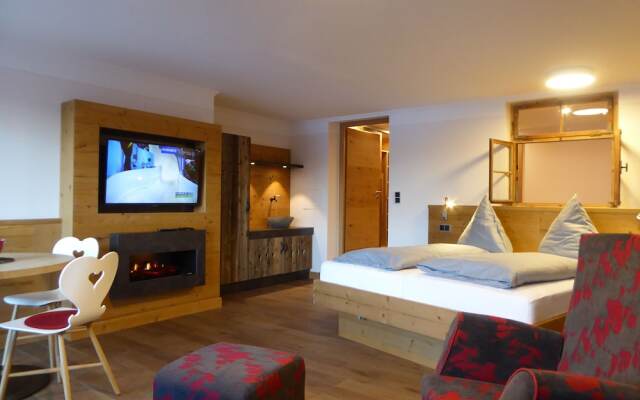 Das vegetarische Boutique Hotel Dreimäderlhaus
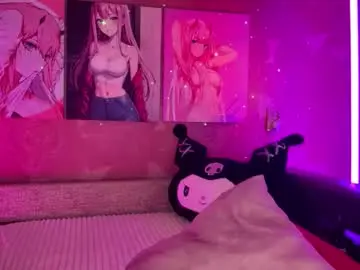 Chaturbate Live Sex Cam of adele_kawaii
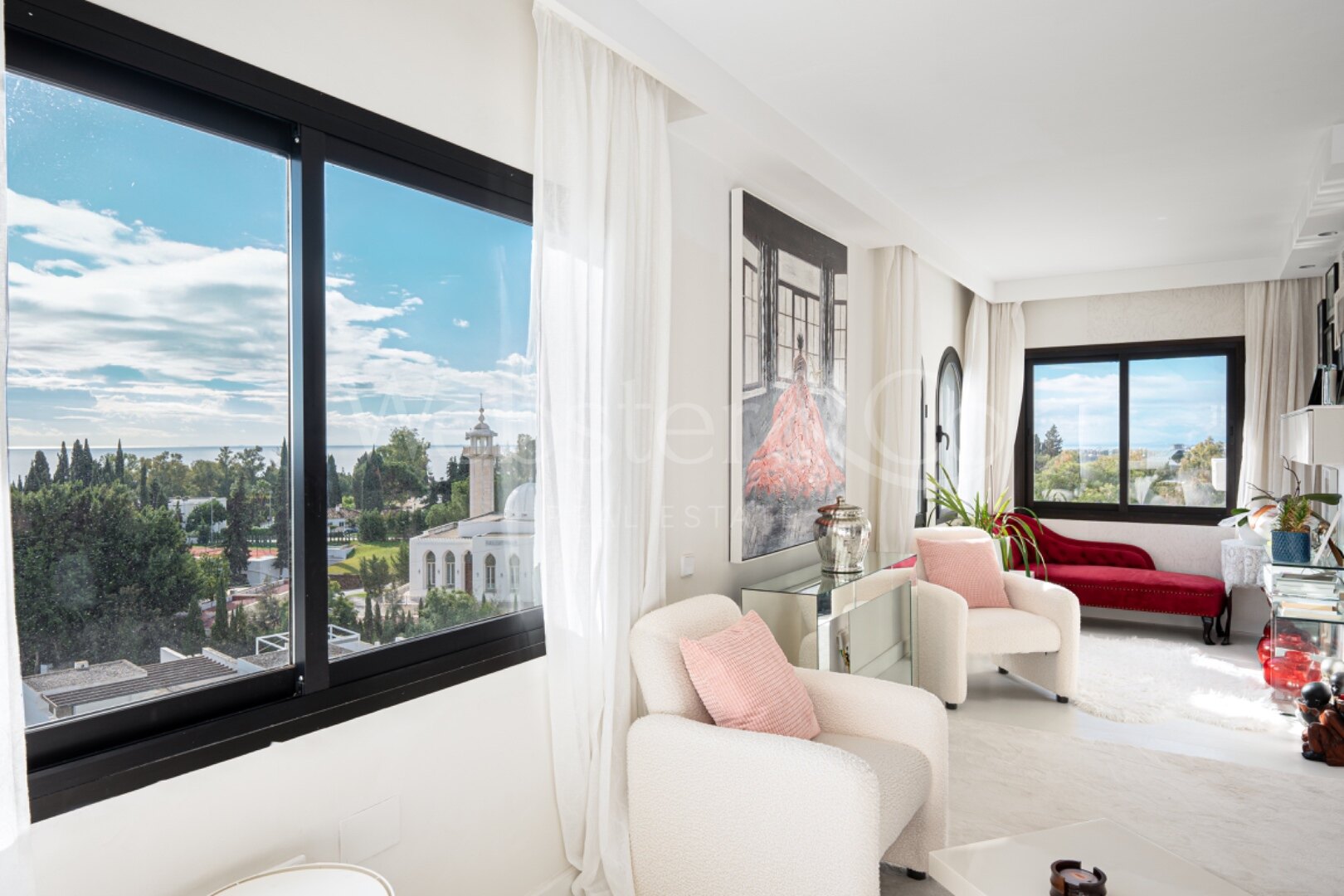 Penthouse Coto – Hogar Perfecto en la Milla de Oro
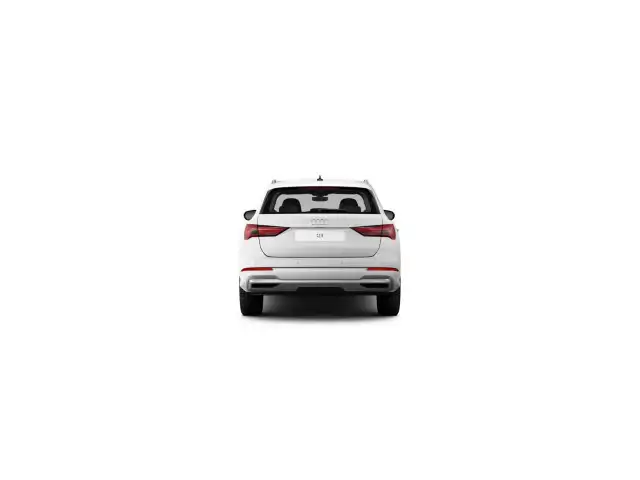 Audi Q3 view 4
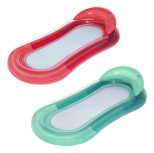 Надувной матрас-шезлонг для плавания 160х84 см "Aqua" (Bestway 43103 BW)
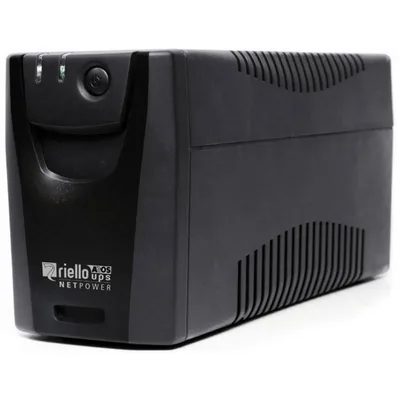 Sai riello netpower 800 shucko usb npw 800 de
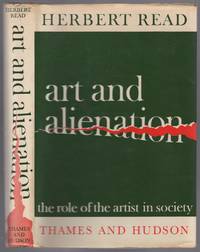 image of Art and Alienation: The Role of the Artist in Society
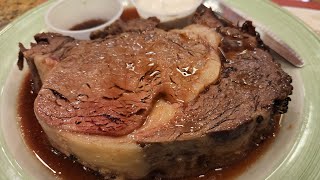 23 Prime Rib Brunch at South Point  Garden Buffet [upl. by Raval805]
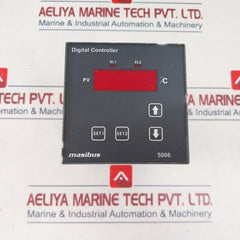 Masibus 5006 Digital Controller 230 Vac/110 Vac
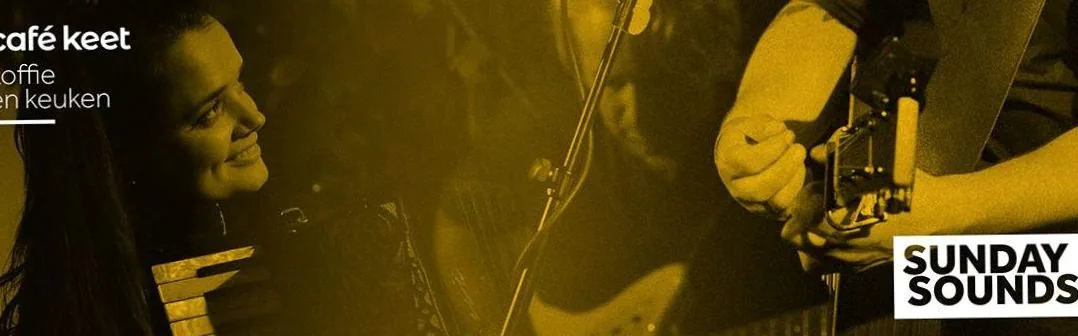 Sunday Sounds | open jamsessie · Kanaal30, Utrecht · zo 13 dec 2026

▶ _About this task_
Give back the lines word for word, from the very first in the material above to the one that has "image of Art", both included, without the pictures.

▶ _Written response_
 Das vegetarische Boutique Hotel Dreimäderlhaus
 Chaturbate Live Sex Cam of adele_kawaii
 Penthouse Coto – Hogar Perfecto en la Milla de Oro
 Audi Q3 view 4
 Надувной матрас-шезлонг для плавания 160х84 см "Aqua" (Bestway 43103 BW)
 Sai riello netpower 800 shucko usb npw 800 de
 image of Art and Alienation: The Role of the Artist in Society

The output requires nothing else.